Des révélations récentes émanant de deux anciens hauts responsables sécuritaires camerounais ont relancé les spéculations sur une éventuelle transition politique au Cameroun. Maxime Eko Eko, ancien directeur général de la Direction générale de la recherche externe (DGRE), et le capitaine Effoudou, ex-chef du service des renseignements à l’état-major particulier du président, ont fait des déclarations qui jettent une lumière crue sur les dessous de la scène politique.

Une tentative de coup d’État dévoilée

Selon ces deux personnalités, un complot visant à renverser le président Paul Biya aurait été ourdi en 2023. Lors d’une récente comparution au tribunal dans le cadre du procès de Martinez Zogo, Maxime Eko Eko a affirmé avoir été arrêté juste après avoir remis au chef de l’État un rapport détaillant ce projet de déstabilisation. Trois ans après ces événements, ces informations sont enfin portées à la connaissance du public.

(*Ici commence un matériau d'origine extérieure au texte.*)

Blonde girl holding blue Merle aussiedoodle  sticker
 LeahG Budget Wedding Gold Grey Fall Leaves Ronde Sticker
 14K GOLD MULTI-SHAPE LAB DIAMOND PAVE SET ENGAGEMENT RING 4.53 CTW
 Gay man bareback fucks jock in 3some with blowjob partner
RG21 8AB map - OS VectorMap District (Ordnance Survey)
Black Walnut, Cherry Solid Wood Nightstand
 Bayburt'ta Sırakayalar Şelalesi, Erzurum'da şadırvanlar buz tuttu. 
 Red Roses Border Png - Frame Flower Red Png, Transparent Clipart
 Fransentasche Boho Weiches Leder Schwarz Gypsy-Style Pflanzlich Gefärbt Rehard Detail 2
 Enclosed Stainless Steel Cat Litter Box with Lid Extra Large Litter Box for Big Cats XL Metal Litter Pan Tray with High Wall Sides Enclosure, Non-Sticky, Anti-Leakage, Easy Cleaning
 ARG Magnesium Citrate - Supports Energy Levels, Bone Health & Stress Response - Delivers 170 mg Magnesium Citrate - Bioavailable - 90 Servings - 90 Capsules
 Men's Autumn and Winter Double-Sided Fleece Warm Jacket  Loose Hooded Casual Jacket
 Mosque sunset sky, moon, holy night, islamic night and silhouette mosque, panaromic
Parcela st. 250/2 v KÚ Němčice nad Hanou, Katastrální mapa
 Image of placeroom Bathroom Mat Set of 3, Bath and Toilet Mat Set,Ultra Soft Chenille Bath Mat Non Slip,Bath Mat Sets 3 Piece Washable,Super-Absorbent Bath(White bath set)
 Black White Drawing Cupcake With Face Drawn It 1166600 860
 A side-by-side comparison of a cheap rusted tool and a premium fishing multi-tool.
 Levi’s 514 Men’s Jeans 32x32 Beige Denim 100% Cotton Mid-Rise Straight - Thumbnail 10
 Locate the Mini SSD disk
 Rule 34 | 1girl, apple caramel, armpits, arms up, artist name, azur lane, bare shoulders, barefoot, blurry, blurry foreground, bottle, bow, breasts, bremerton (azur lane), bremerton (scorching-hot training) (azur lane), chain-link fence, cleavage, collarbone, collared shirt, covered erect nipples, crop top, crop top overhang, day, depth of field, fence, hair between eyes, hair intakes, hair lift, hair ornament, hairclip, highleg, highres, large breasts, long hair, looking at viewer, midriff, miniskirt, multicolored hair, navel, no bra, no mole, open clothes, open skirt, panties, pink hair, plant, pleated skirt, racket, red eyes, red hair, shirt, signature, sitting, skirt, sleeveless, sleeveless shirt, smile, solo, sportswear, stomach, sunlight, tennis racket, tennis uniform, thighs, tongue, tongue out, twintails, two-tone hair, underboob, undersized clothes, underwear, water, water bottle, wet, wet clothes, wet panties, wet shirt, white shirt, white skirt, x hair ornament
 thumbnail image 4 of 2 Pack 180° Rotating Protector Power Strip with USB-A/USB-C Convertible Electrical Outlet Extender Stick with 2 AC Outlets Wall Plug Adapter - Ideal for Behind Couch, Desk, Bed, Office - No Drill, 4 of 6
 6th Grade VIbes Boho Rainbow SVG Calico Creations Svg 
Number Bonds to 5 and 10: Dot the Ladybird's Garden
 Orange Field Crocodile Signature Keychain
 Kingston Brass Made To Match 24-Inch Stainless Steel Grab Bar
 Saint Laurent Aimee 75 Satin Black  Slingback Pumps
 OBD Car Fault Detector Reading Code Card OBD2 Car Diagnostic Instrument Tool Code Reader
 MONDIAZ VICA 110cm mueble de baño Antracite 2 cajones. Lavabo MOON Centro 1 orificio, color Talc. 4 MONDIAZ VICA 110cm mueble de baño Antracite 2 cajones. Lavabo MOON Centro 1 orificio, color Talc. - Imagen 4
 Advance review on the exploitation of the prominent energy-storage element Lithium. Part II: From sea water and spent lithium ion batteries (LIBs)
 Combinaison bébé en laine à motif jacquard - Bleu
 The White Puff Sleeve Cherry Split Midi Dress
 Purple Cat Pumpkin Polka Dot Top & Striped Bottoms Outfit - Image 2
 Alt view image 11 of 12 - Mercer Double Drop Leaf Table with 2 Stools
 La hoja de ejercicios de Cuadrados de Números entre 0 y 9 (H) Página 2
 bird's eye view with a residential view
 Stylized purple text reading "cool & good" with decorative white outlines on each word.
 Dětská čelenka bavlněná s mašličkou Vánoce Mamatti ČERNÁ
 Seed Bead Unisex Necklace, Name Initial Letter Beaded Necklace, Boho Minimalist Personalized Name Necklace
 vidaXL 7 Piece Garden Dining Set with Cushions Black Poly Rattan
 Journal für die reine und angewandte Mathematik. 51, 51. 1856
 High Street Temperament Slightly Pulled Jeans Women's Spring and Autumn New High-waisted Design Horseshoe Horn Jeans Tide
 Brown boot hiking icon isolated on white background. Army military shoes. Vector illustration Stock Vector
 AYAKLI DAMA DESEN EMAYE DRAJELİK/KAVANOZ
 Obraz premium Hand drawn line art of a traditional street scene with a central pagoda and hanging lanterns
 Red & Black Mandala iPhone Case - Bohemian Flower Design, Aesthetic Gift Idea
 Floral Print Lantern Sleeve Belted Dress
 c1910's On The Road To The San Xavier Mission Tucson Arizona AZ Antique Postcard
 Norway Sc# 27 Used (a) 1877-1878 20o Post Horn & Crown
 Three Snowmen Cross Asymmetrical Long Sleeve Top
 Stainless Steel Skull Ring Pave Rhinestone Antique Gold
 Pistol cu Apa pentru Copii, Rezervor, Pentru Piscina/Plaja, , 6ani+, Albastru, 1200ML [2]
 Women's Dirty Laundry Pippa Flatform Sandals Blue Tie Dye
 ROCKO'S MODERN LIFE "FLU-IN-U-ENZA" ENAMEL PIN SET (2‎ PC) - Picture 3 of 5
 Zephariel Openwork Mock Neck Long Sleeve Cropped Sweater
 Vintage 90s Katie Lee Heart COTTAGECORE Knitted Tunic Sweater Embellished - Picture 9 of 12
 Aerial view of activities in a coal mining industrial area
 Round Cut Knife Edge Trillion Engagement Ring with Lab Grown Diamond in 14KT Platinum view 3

Maxime Eko Eko : entre victimisation et détention d’informations sensibles

L’ancien patron de la DGRE, qui occupait un poste clé dans l’appareil sécuritaire, se trouve toujours en détention. Les circonstances de son arrestation, telles qu’elles ont été rapportées lors des audiences, soulèvent des questions. Peu après son interpellation, une source proche des services de sécurité avait laissé entendre qu’il serait rapidement libéré. Or, trois ans plus tard, il est toujours incarcéré. Certains observateurs y voient une stratégie visant à laisser filtrer, au fil des procédures judiciaires, des éléments sensibles sur l’affaire Martinez Zogo et la prétendue tentative de coup d’État. Une interprétation politique qui reste à confirmer.

Le capitaine Effoudou met en cause le secrétaire général de la présidence

Dans une interview accordée à Morgan Palmer, le capitaine Effoudou a directement impliqué le secrétaire général de la présidence de la République (SGPR) dans le complot présumé. Cette accusation est d’autant plus lourde qu’elle soulève une contradiction majeure : si le SGPR était réellement impliqué, comment expliquer que le président Paul Biya lui ait ensuite confié des responsabilités aussi stratégiques ? Le SGPR a notamment piloté les consultations pour la préparation de l’élection présidentielle et aurait joué un rôle clé dans la gestion de la crise postélectorale. Son nom est également évoqué dans le cadre de l’éventuelle création d’un poste de vice-président de la République.

Une reconfiguration du pouvoir en cours ?

Les récentes nominations et affectations au sein de l’armée et des services de renseignement alimentent les spéculations sur une possible restructuration du pouvoir autour de Paul Biya. Certains analystes y voient les prémices d’une transition institutionnelle, qui pourrait aboutir à la création d’un poste de vice-président chargé d’assurer l’intérim en cas de vacance du pouvoir. Cependant, aucune de ces hypothèses n’est officiellement confirmée. Une certitude demeure : Paul Biya reste le maître du jeu politique camerounais, et les prochaines évolutions au sommet de l’État pourraient éclairer les véritables intentions derrière ces mouvements.